10 February 2007

What is OpenID?

OpenID is an open, decentralized, free framework for user-centric digital identity.

Essentially once you have an OpenID identity you can use that account on any site that supports it. Your identity becomes a URL. I think it’s a great single-sign-on system for bloggers.

You can get an OpenID identity from lots of places. If you have a LiveJournal, TypeKey (Movable Type) or Zooomr account (just to name a few) you already have an OpenID identity. If not, there are lots of OpenID servers that you can create an account with. I recommend www.myopenid.com as it seems to be popular. If you are like me though, I wanted to use my own domain as my OpenID identity.

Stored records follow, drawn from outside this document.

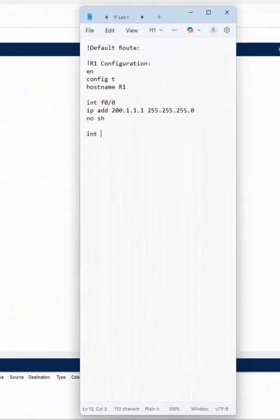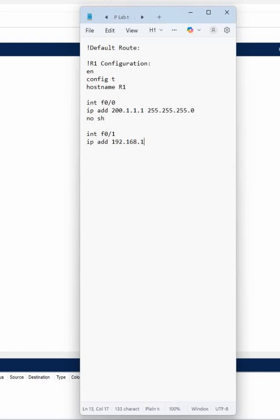Then we have interface f0/1, IP address — here whatever you want to use, for example if you want to use 1.1.x.x we can use that. Then we write no shutdown. So we just assign the IP to both interfaces.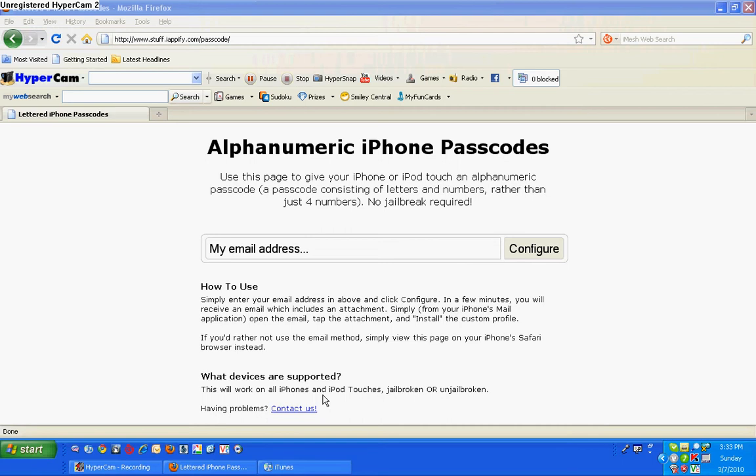Now enter your new passcode. Let's say 1, 2, 3, 4. And it's gotta be a numbered passcode.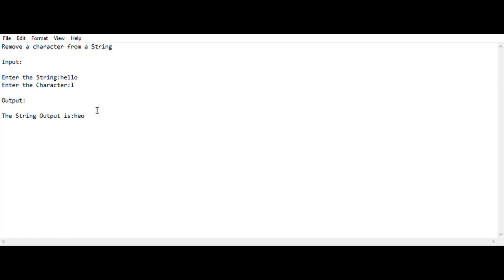This is very important — it was asked in the previous year IP exam. The coding session is also very easy; it will be finished within two or three lines using the String replace method. So let's move into the coding session.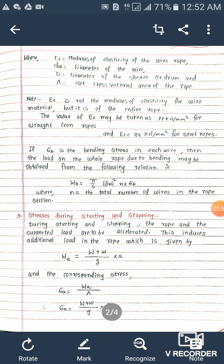Here, ER is the modulus of elasticity of the wire rope, DW is the diameter of the wire, capital D is the diameter of the shoe or drum, and capital A is the net cross-sectional area of the rope. Note that ER is not the modulus of elasticity for the wire material, but for the entire rope. The value of ER may be taken as 77 kilonewton per mm² for wrought iron ropes and 84 kilonewton per mm² for steel ropes.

Using your own domain as an OpenID Identity

There are 2 ways that you can go about this. The first is to install an OpenID server on your domain. There is a list of options here. If you just want to support a single user you could check out phpMyID. I didn’t really want to run my own server so onto option 2.

This way is super easy. You can setup your domain to delegate to an actual OpenID server. This is even better if you want to change your main OpenID server without ever changing your OpenID URL. All you have to do is add some headers to your default page on your domain. Some instructions can be found here but the short version is add these to your HTML HEAD of your default page:

<link rel=”openid.server” href=”http://www.myopenid.com/server” />
<link rel=”openid.delegate” href=”http://yoururl.myopenid.com/” />

In my case I wanted to keep using my TypeKey server so I just added this:

<link rel=”openid.server” href=”https://www.typekey.com/t/openid” />
<link rel=”openid.delegate” href=”http://profile.typekey.com/jeffreyvanneste/” />

Now I can use http://jeffrey.vanneste.ca as my identity and switch freely between OpenID servers. If you have a WordPress blog there is an OpenID delegate plugin you could check out.

WordPress Integration

I decided to see what was required in getting OpenID integrated into my blogs. Not surprisingly there was already a great WordPress OpenID plug-in that almost worked flawlessly for me. Installing and setting it up was super easy but the default install of PHP on dreamhost does not include the GMP functions. As luck would have it there is a great article written up on the dreamhost wiki on compiling a customized PHP.

Adding GMP support to PHP

I started with the “Alternative PHP 5 install Scripts” found here. Running the first script will download all the source required and extract it all into another folder. At this point you need to do the same for GMP. Login to your dreamhost shell and goto the folder where all the PHP5 libraries were extracted ($HOME/dist by default).

wget ftp://ftp.gnu.org/gnu/gmp/gmp-4.2.1.tar.gz\
tar zxvf gmp-4.2.1.tar.gz\
cd gmp-4.2.1\
./configure –prefix=${HOME}/php5\
nice -n 19 make\
make install

Now we need to edit the second PHP5 install script. All you have to do here is find the PHPFEATURES variable and add this line somewhere between the quotes.


Now run the second script which took quite awhile for me. Once it’s completed you have to add a .htaccess file to the root folder of your website with the following lines:

AddHandler phpFive .php
Action phpFive /cgi-bin/php.cgi

That should be it. If you have enabled the WordPress OpenID plugin you should now see an additional option to use an OpenID URL when making comments and logging in.

Getting started with OpenID development

If you want to get started on new projects that use OpenID there are already lots of awesome libraries available. The best site I found is http://www.openidenabled.com which has information on pretty much everything you would want to know about OpenID. There are also libraries written in Python, Ruby, Perl, PHP, .NET, Java and ColdFusion to help get your project jump started.

I also found for testing that it was useful having multiple OpenID identities. If you want to have some OpenID’s to test with check out http://www.jkg.in/openid/ which generates anonymous ID’s for you.

So now my blog supports OpenID registration. Why not do the same to yours so we don’t need yet another account?